If I have worked for 7 companies do I need to catch 7 colleagues in total one form each company?

Is it fine to get statutory declaration done by ex-colleague for current company and is it fine to get statutory declaration done by ex-colleague for all previous company?

Thanks in advance!!


----------



## bharat.rameshwar (Dec 14, 2015)

You have to get the declaration from a colleague who worked with you in that company during the timeframe when you worked there. 


Sent from my iPhone using Tapatalk


----------



## tan10 (Nov 13, 2016)

bharat.rameshwar said:


> You have to get the declaration from a colleague who worked with you in that company during the timeframe when you worked there.
> 
> 
> Sent from my iPhone using Tapatalk


Thanks a lot for information. 
Just want to confirm once again, this means it suffice if the colleague has worked with me in the time frame when I was working with the organisation.

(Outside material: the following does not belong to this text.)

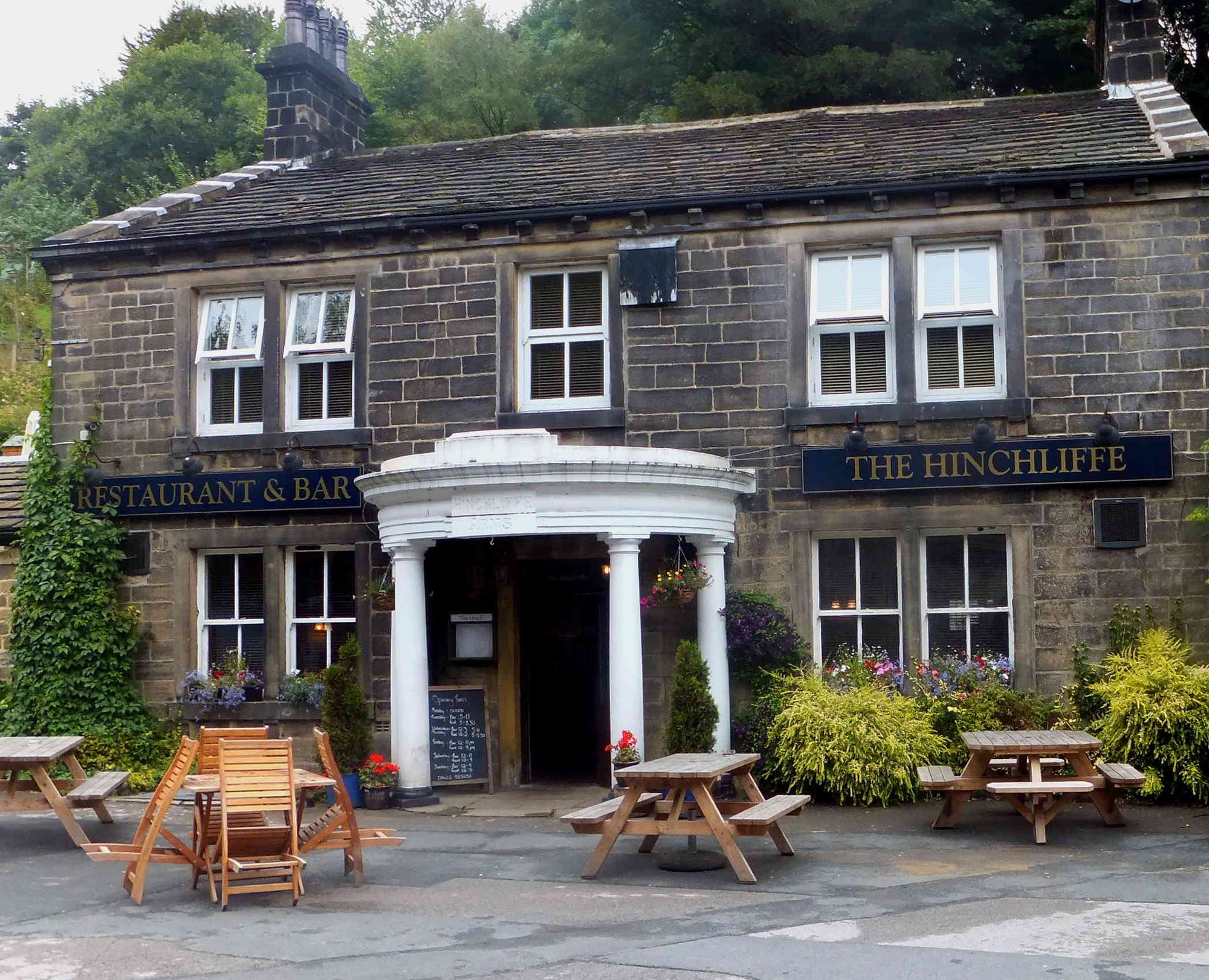 Hinchliffe Arms. (Pub, External). Published on 03-09-2013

It does not matter if he is no more with the same organisation at present when he is doing the declaration.

One more question, in statutory declaration form the ex-colleagues details like
Position: 
Contact No: 
Mobile No: 
Duration: From …. to Till Date

are also required. Should this be his present company details or the details of the company for which declaration is being done.

Thanks.


----------



## bharat.rameshwar (Dec 14, 2015)

tan10 said:


> Thanks a lot for information.
> Just want to confirm once again, this means it suffice if the colleague has worked with me in the time frame when I was working with the organisation. It does not matter if he is no more with the same organisation at present when he is doing the declaration.
> 
> One more question, in statutory declaration form the ex-colleagues details like
> ...



Exactly. The colleague can also be at a different organisation now. 
The details should be his current company's details.

This is how I had done it, and it went through with ACS.


----------



## inognito (Jul 10, 2013)

Hello, 


I have already done ACS skill assessment before in year 2013.

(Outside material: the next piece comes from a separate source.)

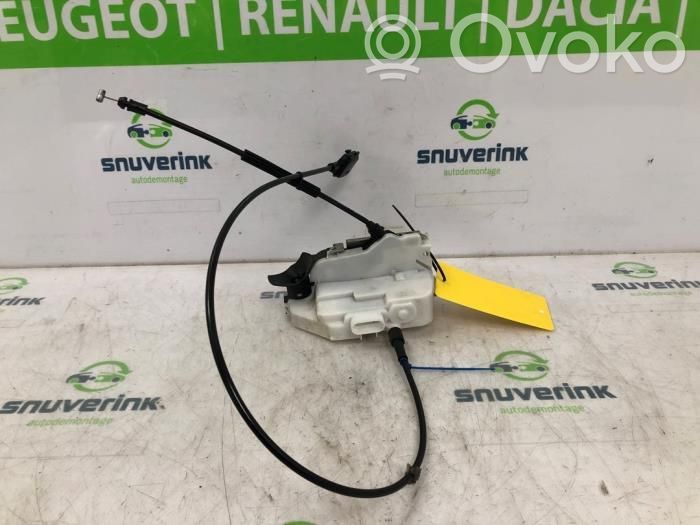 Renault Twingo II Zamek drzwi przednich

Now , I want to apply for ACS skill assessment again. 

When i was trying to upload my documents , my last assessment documents are still present .

Do i need to upload all the documents again ?

please advice.


----------



## NB (Mar 29, 2017)

inognito said:


> Hello,
> 
> 
> I have already done ACS skill assessment before in year 2013.
> ...


Other then education documents, I presume all,others would require to uploaded afresh

So it would be better if you upload the entire set again

You can also call email to ACS and ask for a clarification.they are very efficient and generally reply within a day

Cheers


----------



## inognito (Jul 10, 2013)

Yes newbienz, ACS people are very efficient. I asked them , they replied. 
I have uploaded rest of the documents which were not present there , as suggested by ACS.

Thanks






newbienz said:


> Other then education documents, I presume all,others would require to uploaded afresh
> 
> So it would be better if you upload the entire set again
> 
> ...


----------